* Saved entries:

================================

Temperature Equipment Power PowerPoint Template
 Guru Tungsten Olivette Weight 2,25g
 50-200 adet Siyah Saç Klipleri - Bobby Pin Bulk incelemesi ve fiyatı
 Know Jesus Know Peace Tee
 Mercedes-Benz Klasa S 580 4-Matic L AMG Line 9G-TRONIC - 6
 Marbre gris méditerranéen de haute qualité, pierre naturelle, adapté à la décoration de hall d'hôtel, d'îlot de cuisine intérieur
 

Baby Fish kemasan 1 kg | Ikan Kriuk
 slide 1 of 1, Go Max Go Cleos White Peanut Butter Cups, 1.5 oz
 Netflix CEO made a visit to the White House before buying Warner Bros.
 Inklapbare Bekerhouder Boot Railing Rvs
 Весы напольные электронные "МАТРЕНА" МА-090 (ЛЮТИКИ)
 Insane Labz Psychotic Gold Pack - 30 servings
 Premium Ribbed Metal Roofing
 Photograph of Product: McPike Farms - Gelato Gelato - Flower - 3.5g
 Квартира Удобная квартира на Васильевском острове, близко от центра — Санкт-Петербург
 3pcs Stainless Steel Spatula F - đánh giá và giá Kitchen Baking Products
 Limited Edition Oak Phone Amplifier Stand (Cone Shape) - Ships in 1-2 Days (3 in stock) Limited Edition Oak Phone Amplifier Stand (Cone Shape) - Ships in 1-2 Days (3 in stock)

================================

Please transcribe the data above without changes, from its first line to its "Mercedes-Benz Klasa S" line, and leave out anything past that.

* EXERCISE SOLUTION:
Temperature Equipment Power PowerPoint Template
 Guru Tungsten Olivette Weight 2,25g
 50-200 adet Siyah Saç Klipleri - Bobby Pin Bulk incelemesi ve fiyatı
 Know Jesus Know Peace Tee
 Mercedes-Benz Klasa S 580 4-Matic L AMG Line 9G-TRONIC - 6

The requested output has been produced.